Automatic Speech Recognition for MUMIS

.

M. Wester, J.M. Kessens, J. Sturm, E. Sanders, P. Tielen, H. Strik (2003)
Speech Recogniser.
Deliverable D-5.2-T28 of MUMIS (Multimedia Indexing and Searching Environment), Project ref. no. IST-1999-10651, 14-02-2003, 53 pages.
Security (distribution level) : Project internal

Abstract

This report describes the research on automatic speech recognition carried out within the MUMIS project. The main objective of the automatic speech recognition experiments is to obtain the best possible transcription of the spoken commentaries accompanying football matches.

Manual transcriptions were made of recordings of EURO-2000 matches in three different languages: German, Dutch and English. In total 30 matches were manually transcribed: 6 for Dutch, 3 for English and 21 for German.

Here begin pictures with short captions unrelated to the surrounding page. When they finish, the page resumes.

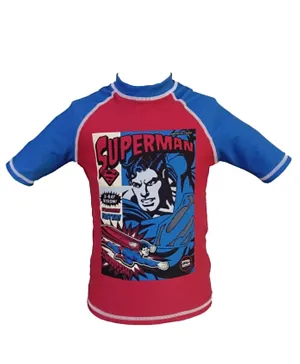 DC Comics Superman Swimwear T-Shirt - Maroon & Blue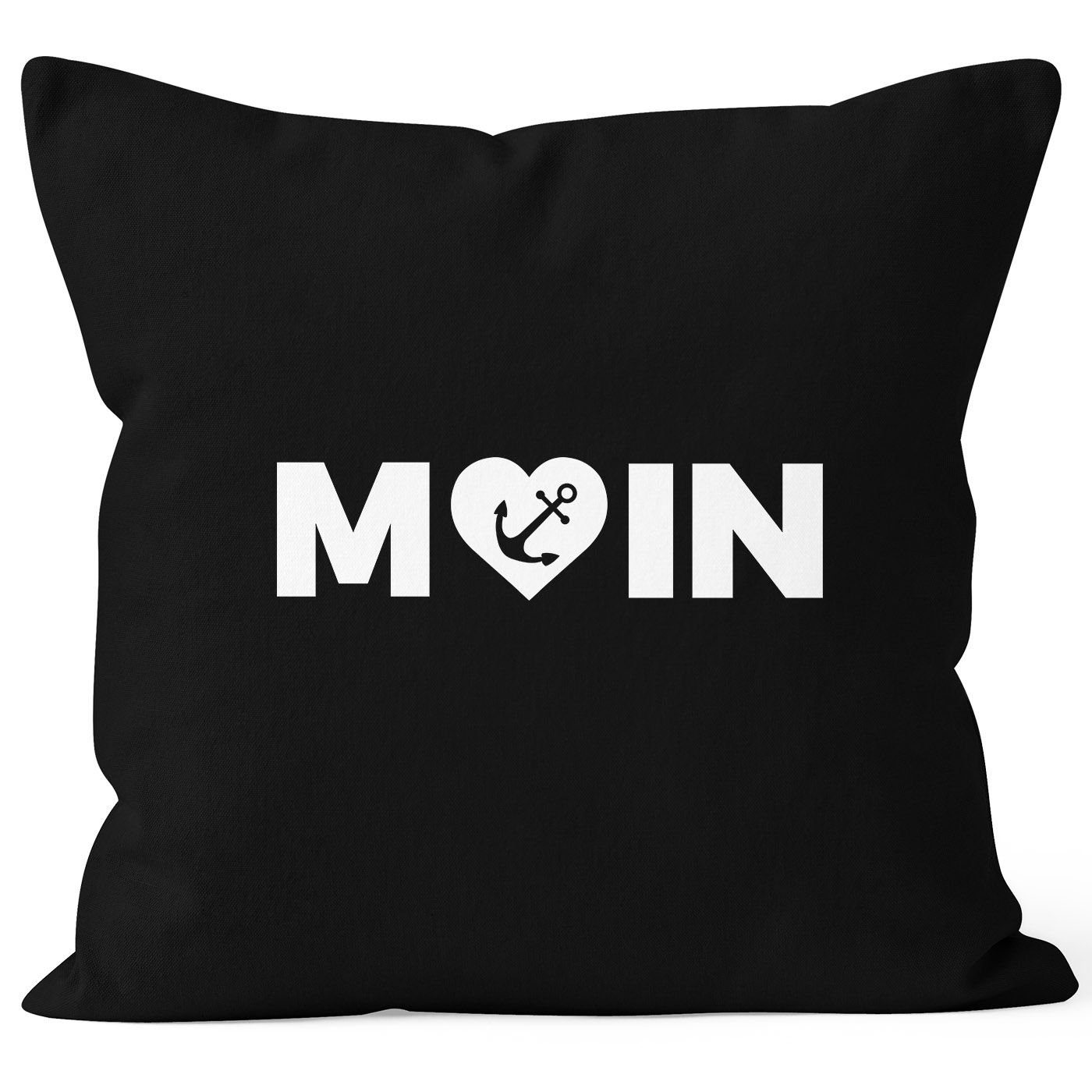 MoonWorks Dekokissen Kissenbezug Moin Love Herz Anker Kissenhülle Dekokissen 40x40 Baumwolle MoonWorks® schwarz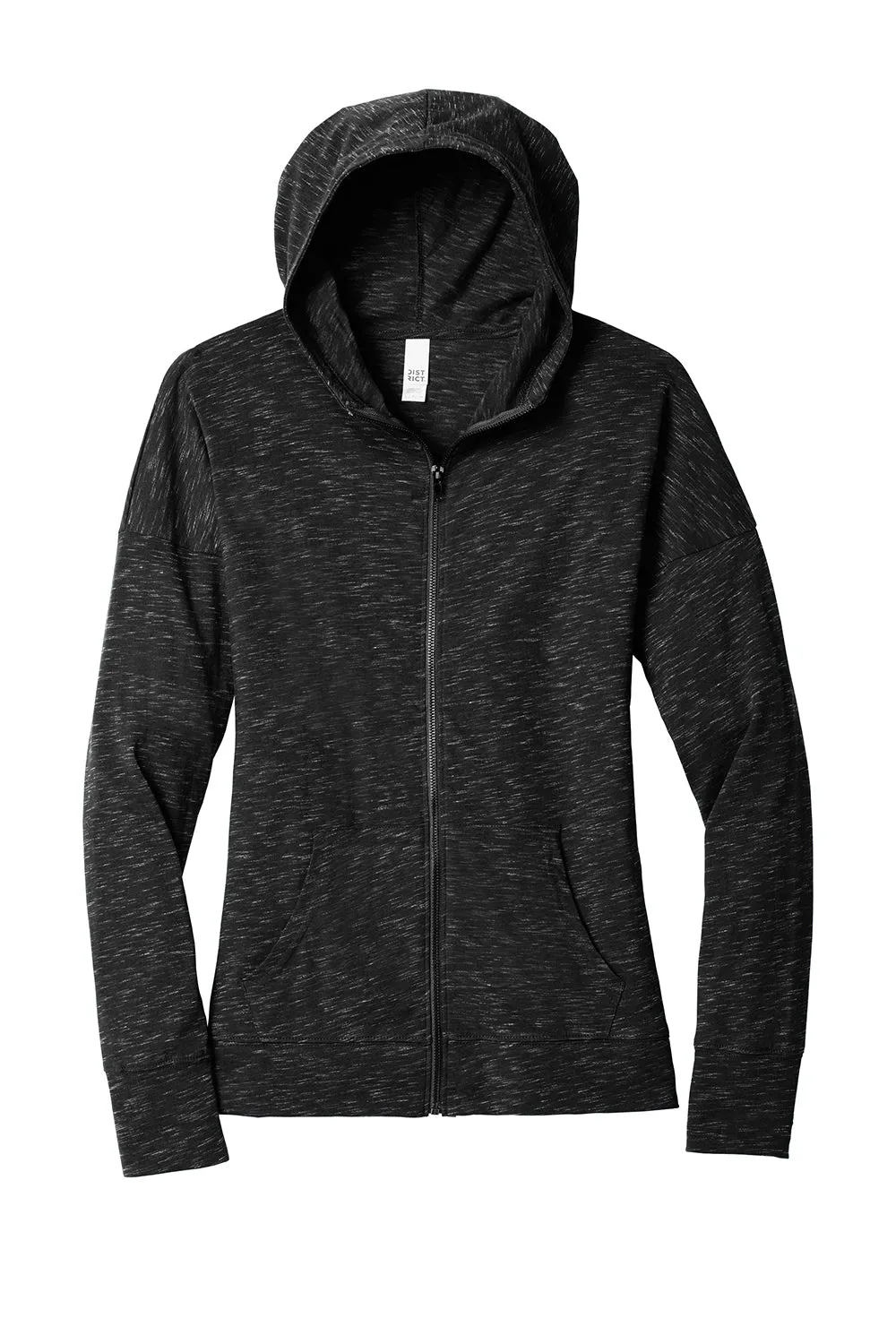 Sweat à capuche zippé complet pour femmes District avec poches - Noir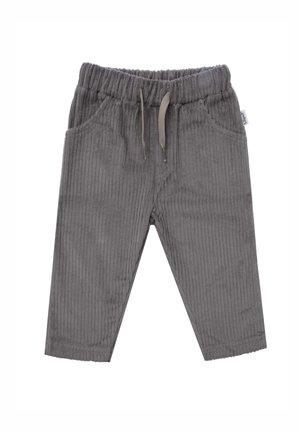 Gray corduroy pants featuring a soft texture, vertical ribbed pattern, elastic waistband with drawstring, and two side pockets.
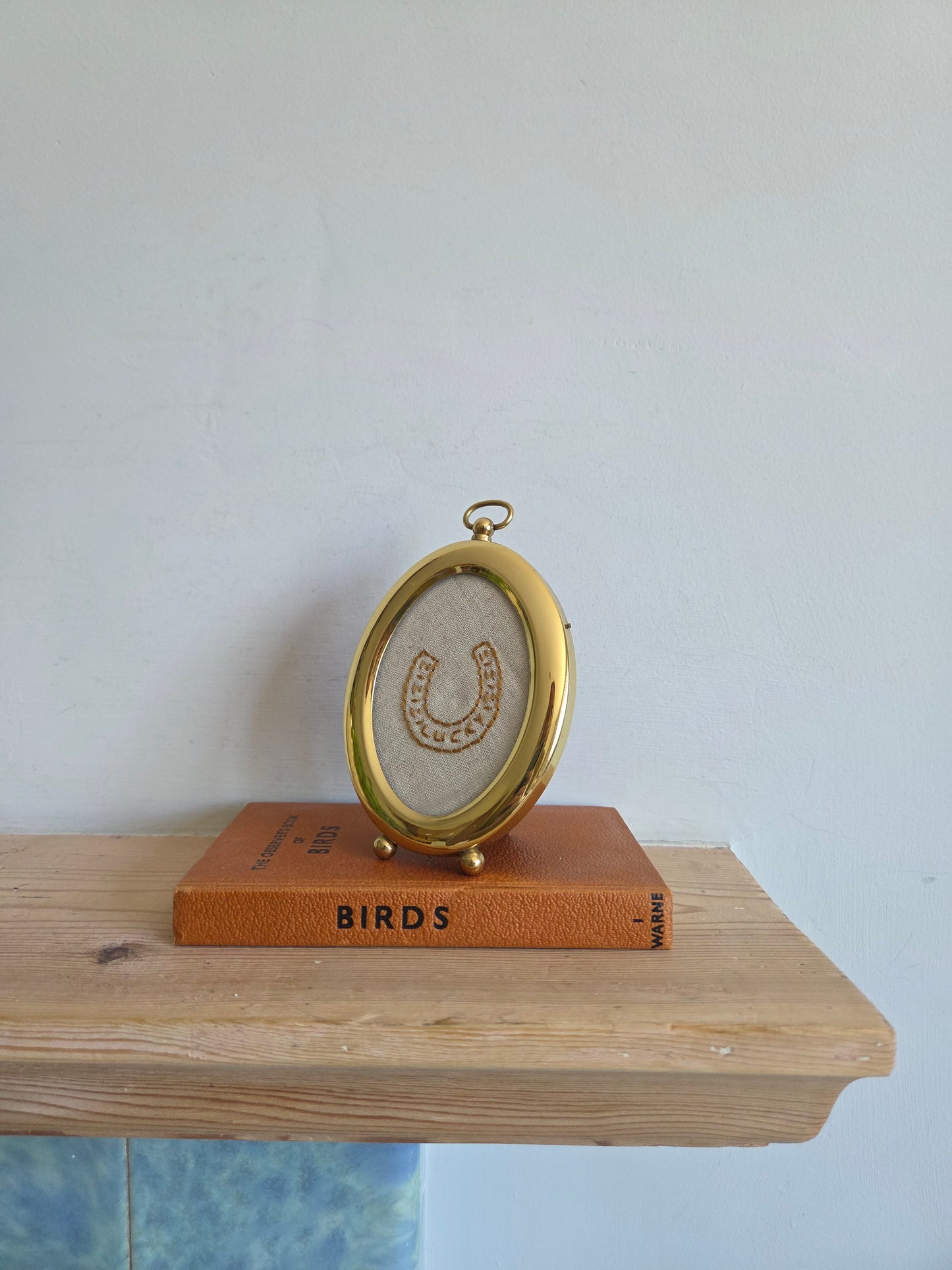 Vintage Brass Frame with Lucky Horse Shoe Embroidery 02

Experiments were carried out for all three languages to measure the performance of automatic speech recognition. Recognition performance is measured in terms of word error rates (WER = insertions + deletions + substitutions / number of words). Initially, due to the fact that only a few matches were available for training and testing, oracle experiments were carried out for all three languages. The language models and lexicons used in the oracle experiments are trained on 3/4 of the test match and tested on the other 1/4. In general, the WERs found were rather high (between 31% and 90%). This is mainly due to the extremely high level of noise (i.e. different types of speech and non-speech sounds). Dutch and German experiments showed that matching the train and test data in terms of background noise leads to the best results. From the results of the German experiments, we can also conclude that using more data to train the phone models is not necessarily better, but rather that matching data in terms of SNR is the better option: using less but better matching data in terms of mean SNR leads to lower WERs.

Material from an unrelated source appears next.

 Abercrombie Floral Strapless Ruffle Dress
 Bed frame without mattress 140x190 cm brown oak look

As more data became available, non-oracle experiments could be carried out. For these experiments we used a category LM tuned to (but not trained on) the test match (i.e. player names of the test match were added to the LM and lexicon). The results on the full demonstration matches (Yugoslavia - the Netherlands (YugNed) and England - Germany (EngDld)) show that the category LM performs better than a normal LM. WERs for the baseline non-oracle experiments is much higher than for the oracle experiments (between 83% and 93%), which can be explained by a large amount of OOV and a mismatch between train and test data in terms of SNR. Using more data to train the LM and the lexicon results in lower WERs, but the reduction in WER levels off after about 150.000 words have been used to train the LM. Again, WERs proved to be lowest when matching data are used for training and testing, although training separate phone models for different SNR categories did not prove to help. The best results were obtained using noise robust features for training and recognition (relative improvements of 10%).

Since for a database retrieval task not all words are equally relevant, we categorized all the words into three groups (function words, application specific words (such as player names) and other content words) and calculated the recognition performance on each of the three groups. We found that function words (which are least important for an information retrieval task) are badly recognized (between 82% and 90% WER), whereas the important category of application specific words were recognized relatively well (between 40% and 75% WER). Also in the non-oracle experiments, the application specific words were recognized best.

Recommendations for the future are that the commentator's speech should be recorded in isolation, without stadium noise mixed in. In addition, more transcriptions of spoken material are necessary in order to train robust generic language models.